4) Hogan still pays Marvel to the best of my knowledge. On the other hand, the WWE could so easily buy and sell the entire comics industry that I don’t know why they bother.

“When Lex Luger jumped back from WWF to WCW in 95, was
it that much of a shock to the WWF? I ask because
they had Luger do a save of the WWF champ Diesel in
the Summerslam main event. That seems like an odd
thing to do for someone whose contract was about to
run out and had not re-signed.”

That’s because Luger lied and told Vince that he would re-sign, and then showed up on Nitro the next day. Vince was, to say the least, unhappy at Luger’s lack of class. To say that it was a shock to everyone would be an understatement.

“I have a quick question for you. If you were on a deserted island, with nothing but food, water, a working t.v. and vcr (with electricity of course) and only one vhs tape to watch compiled with only wrestling matches, which matches would be on the tape? Let’s be nice and give you one of those nice long 8 hr. tapes.”

Probably…

– Wargames 1987, 1991 and 1992.
– A couple of Royal Rumbles
– Flair-Steamboat I, II & III from 1989
– Bret v. Owen, Wrestlemania X
– Benoit v. Sullivan from Bash 96
– Savage v. Steamboat from Wrestlemania III
– Bret Hart v. Mr. Perfect from Summerslam 91
– British Bulldogs v. Hart Foundation 2/3 falls from SNME
– Savage v. Hogan from Wrestlemania V
– Ric Flair v. Barry Windham from Worldwide in 1986
– Rock N Roll Express v. Tully & Arn from World Championship Wrestling in 1987
– Midnight Express v. The Fantastics, pick one or two.
– Curt Hennig v. Nick Bockwinkel, 60-minute draw from AWA.
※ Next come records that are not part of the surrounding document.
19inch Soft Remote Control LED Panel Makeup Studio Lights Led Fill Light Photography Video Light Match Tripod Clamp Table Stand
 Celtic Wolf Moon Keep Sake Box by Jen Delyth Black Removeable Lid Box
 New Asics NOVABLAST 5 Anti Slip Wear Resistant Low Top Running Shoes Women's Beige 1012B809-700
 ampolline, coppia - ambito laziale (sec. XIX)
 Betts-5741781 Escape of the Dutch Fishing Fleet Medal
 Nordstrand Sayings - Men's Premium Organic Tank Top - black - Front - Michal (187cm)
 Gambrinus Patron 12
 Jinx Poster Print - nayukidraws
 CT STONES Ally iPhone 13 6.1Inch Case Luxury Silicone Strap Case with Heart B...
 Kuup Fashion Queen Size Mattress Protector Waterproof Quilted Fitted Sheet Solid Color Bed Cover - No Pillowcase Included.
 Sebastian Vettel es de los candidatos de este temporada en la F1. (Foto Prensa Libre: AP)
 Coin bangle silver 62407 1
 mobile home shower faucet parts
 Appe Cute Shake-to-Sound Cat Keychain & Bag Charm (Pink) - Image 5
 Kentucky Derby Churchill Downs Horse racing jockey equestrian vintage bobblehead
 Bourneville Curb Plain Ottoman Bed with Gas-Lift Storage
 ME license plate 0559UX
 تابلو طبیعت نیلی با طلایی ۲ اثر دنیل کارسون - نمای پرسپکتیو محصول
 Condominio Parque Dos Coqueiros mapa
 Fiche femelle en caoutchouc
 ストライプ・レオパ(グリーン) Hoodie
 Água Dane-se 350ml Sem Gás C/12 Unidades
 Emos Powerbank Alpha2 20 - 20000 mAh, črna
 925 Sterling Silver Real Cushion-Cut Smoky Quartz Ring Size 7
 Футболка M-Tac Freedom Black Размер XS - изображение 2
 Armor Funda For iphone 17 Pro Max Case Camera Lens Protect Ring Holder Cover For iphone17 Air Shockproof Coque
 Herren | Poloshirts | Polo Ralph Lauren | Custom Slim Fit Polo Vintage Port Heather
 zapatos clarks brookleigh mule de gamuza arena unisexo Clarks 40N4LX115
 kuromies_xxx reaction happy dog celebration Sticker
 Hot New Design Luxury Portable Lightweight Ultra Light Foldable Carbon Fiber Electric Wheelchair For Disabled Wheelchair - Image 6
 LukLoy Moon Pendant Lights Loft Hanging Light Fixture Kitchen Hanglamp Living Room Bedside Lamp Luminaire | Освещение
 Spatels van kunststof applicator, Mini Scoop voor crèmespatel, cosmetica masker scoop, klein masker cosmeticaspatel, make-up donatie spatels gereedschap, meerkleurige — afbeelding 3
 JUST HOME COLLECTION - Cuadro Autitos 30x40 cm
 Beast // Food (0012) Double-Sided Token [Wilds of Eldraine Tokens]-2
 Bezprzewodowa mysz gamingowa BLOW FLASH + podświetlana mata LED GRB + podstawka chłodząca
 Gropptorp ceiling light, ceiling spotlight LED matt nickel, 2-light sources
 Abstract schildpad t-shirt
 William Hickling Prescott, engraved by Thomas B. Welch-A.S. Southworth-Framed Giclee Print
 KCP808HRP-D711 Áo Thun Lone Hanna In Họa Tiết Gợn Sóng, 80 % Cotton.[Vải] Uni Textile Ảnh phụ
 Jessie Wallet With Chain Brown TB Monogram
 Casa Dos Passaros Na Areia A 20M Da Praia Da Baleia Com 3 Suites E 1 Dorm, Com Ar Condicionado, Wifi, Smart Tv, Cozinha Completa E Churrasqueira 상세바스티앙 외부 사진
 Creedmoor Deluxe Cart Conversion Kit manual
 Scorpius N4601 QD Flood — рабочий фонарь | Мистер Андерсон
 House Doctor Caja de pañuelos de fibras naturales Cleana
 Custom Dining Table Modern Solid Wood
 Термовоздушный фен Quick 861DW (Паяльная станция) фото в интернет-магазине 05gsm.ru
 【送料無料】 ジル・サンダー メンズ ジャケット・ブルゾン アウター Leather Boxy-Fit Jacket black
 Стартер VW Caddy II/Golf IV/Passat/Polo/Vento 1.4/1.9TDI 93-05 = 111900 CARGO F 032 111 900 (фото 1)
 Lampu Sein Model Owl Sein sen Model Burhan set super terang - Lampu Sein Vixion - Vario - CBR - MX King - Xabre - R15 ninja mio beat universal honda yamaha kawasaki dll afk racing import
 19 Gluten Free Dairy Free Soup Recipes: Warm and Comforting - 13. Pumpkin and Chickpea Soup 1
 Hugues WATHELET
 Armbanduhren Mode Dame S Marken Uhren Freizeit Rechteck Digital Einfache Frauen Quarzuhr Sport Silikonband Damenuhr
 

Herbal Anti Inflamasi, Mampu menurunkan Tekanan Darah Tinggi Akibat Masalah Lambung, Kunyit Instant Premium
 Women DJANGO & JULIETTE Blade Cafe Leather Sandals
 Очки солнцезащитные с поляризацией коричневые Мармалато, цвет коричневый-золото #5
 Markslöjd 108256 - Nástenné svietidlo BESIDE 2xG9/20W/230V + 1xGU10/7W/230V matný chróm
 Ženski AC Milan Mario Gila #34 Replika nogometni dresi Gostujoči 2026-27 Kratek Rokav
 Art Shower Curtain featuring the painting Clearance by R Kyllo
That should about cover it.

“On those old Saturday Nights Main Events and Superstars from 89 to 91, they always showed Vince at the announce table with his broadcast partner and you could see the crowd behind them. Were the announcers actually standing in front of the live crowd, or was it just added in later by having them stand in front of a green screen?”

As a veteran of those brutal tapings, I can testify that they were really there…for the opening. Generally they left unless it was for an angle involving them there and then dubbed the commentary in via post-production, just like today.

“Quick question: Why did Backlund drop the belt to Diesel in an untelevised house show? I remember tuning into RAW one night and just seeing grainy video of the new champ beating the “legend” in 8 seconds max. “

Because Vince has always been a mark for MSG and wanted Diesel’s big win to start on a special note.

And on that note, Smackdown is on and I’m outta here!